◆ Task description ◆
Among the entries below, take the line with "A Platonic Tutorial porn comic picture 5" and the line with "Eufy Video Doorbell (C31) with 32GB SD Card", and output them and every line between them exactly, with nothing else.

◆ Supplied records ◆
● ● ● ● ● ● ●
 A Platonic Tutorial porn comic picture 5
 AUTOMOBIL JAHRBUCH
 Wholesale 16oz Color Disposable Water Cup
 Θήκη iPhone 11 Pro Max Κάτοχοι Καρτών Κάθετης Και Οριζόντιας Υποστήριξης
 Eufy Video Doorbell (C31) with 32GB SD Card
● ● ● ● ● ● ●
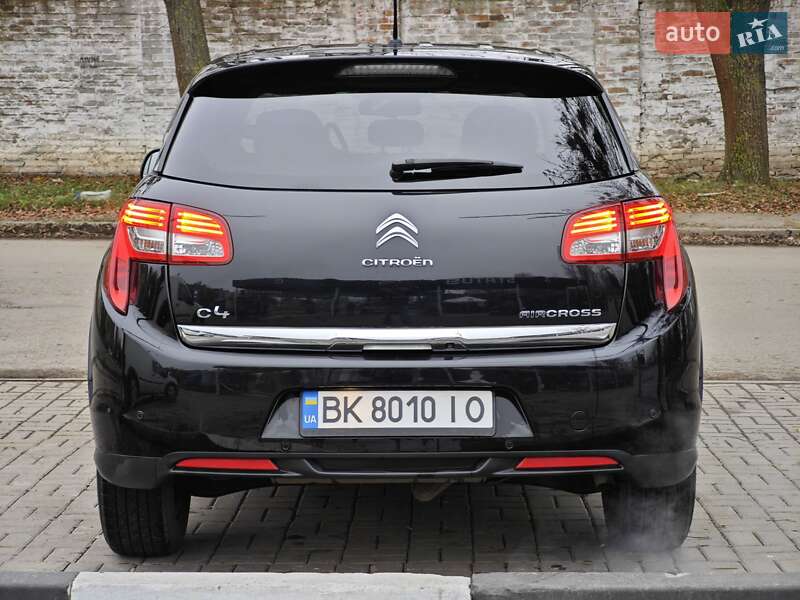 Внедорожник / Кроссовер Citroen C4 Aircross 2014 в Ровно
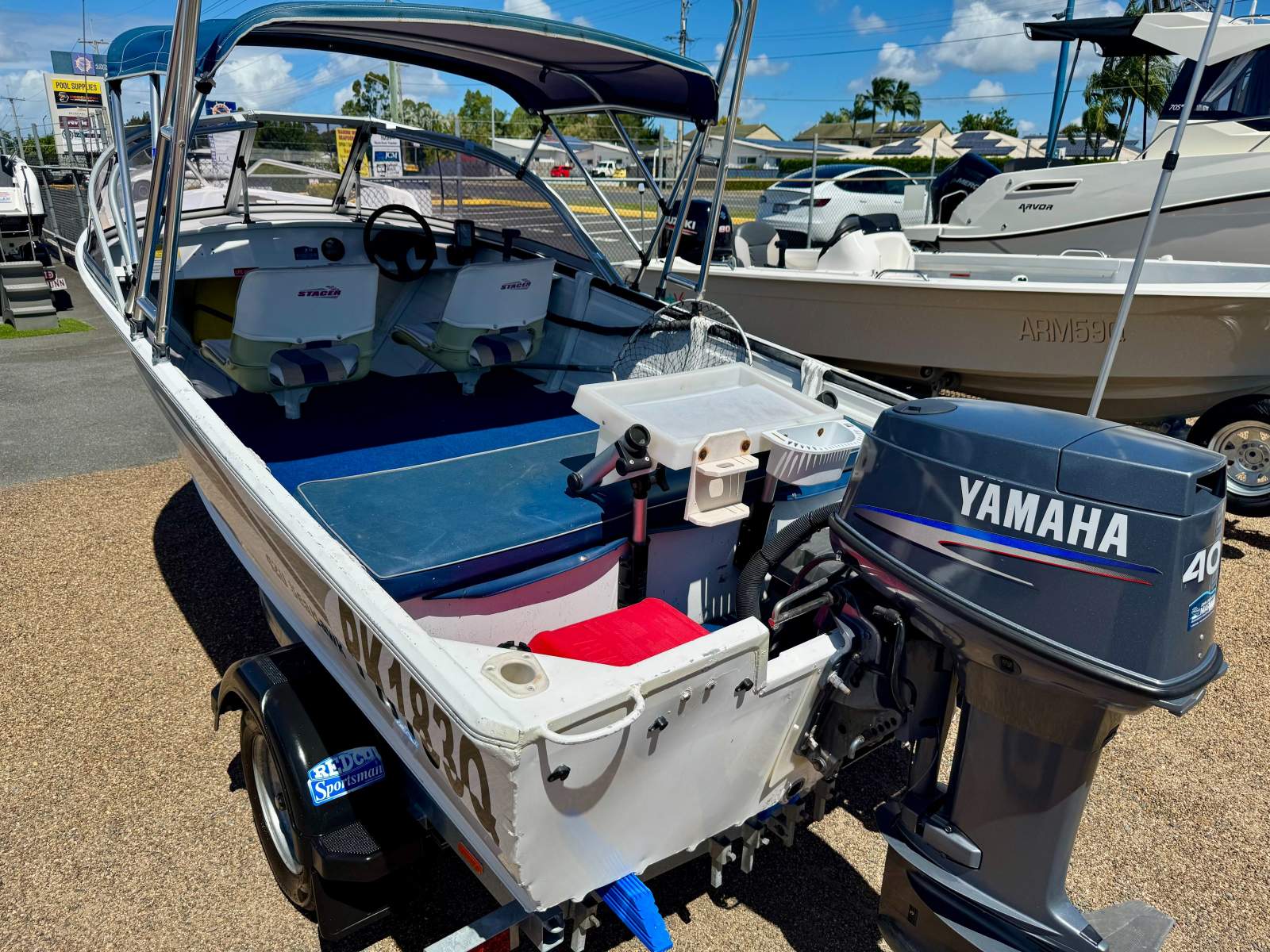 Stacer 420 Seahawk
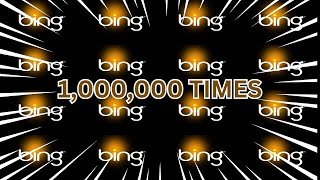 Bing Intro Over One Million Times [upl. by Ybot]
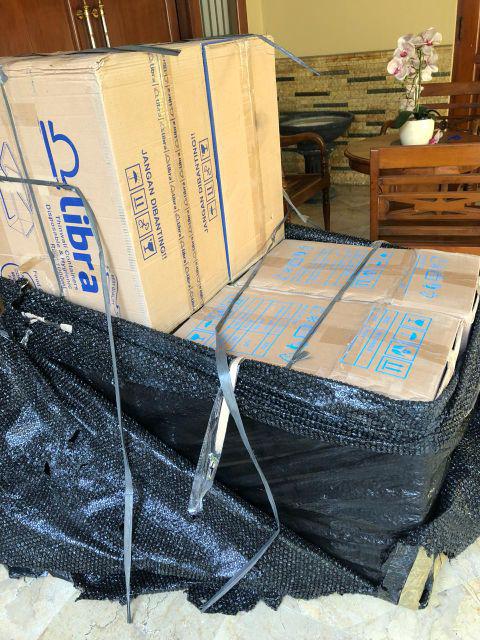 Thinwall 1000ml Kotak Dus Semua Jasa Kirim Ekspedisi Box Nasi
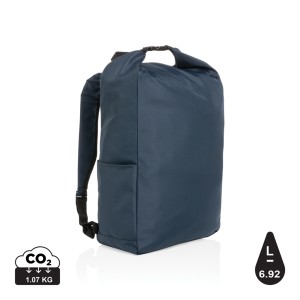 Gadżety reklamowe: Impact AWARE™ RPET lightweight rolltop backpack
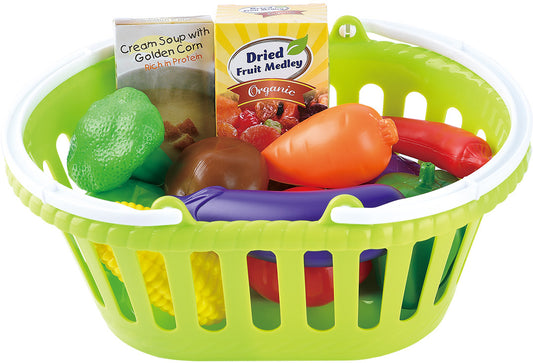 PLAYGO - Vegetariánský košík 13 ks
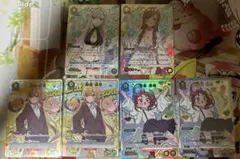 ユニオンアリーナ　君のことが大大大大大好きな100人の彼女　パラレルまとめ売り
● ● ● ● ● ● ●
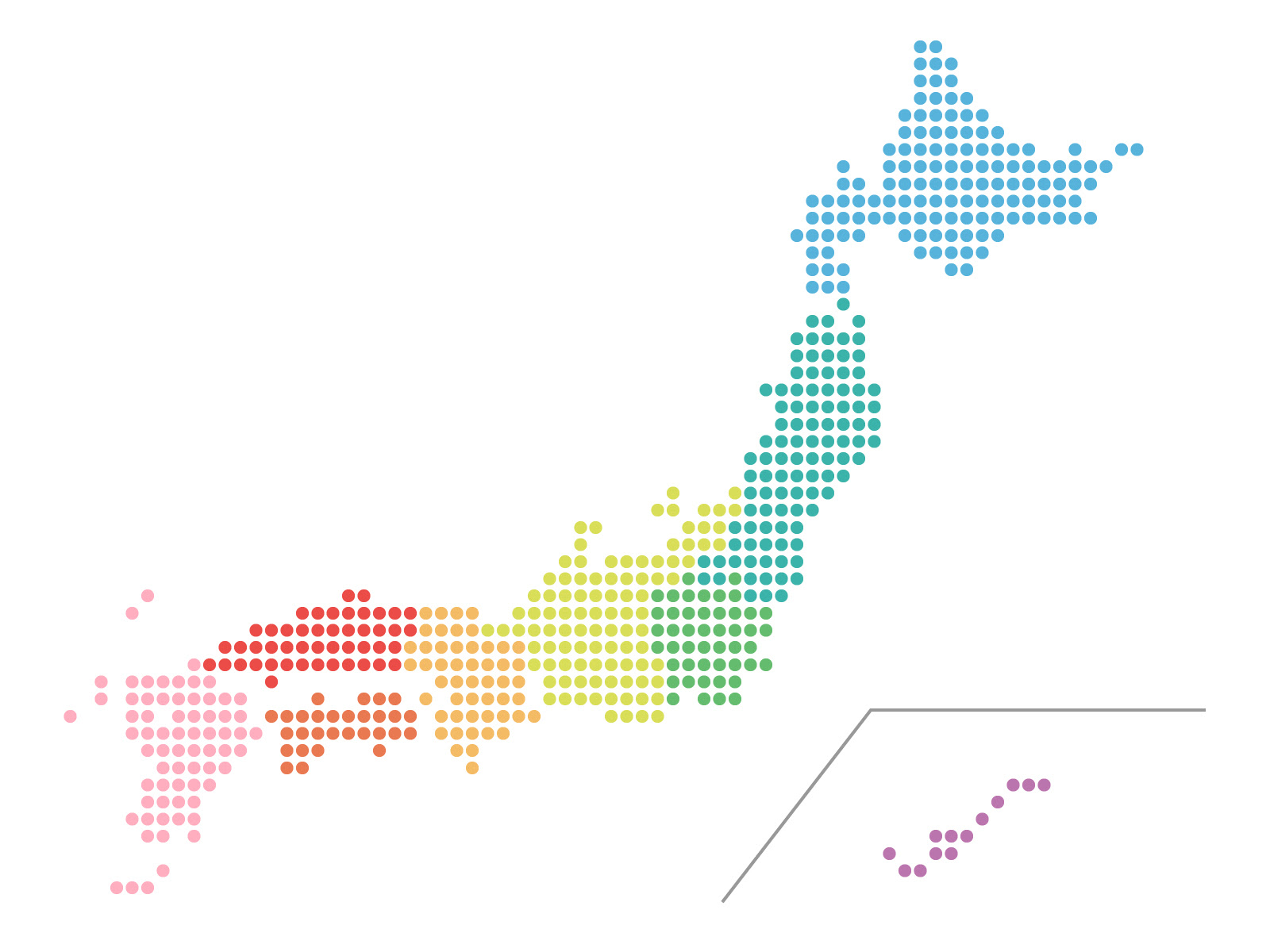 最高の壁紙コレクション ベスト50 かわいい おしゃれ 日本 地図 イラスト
● ● ● ● ● ● ●
◆ Response area ◆
 A Platonic Tutorial porn comic picture 5
 AUTOMOBIL JAHRBUCH
 Wholesale 16oz Color Disposable Water Cup
 Θήκη iPhone 11 Pro Max Κάτοχοι Καρτών Κάθετης Και Οριζόντιας Υποστήριξης
 Eufy Video Doorbell (C31) with 32GB SD Card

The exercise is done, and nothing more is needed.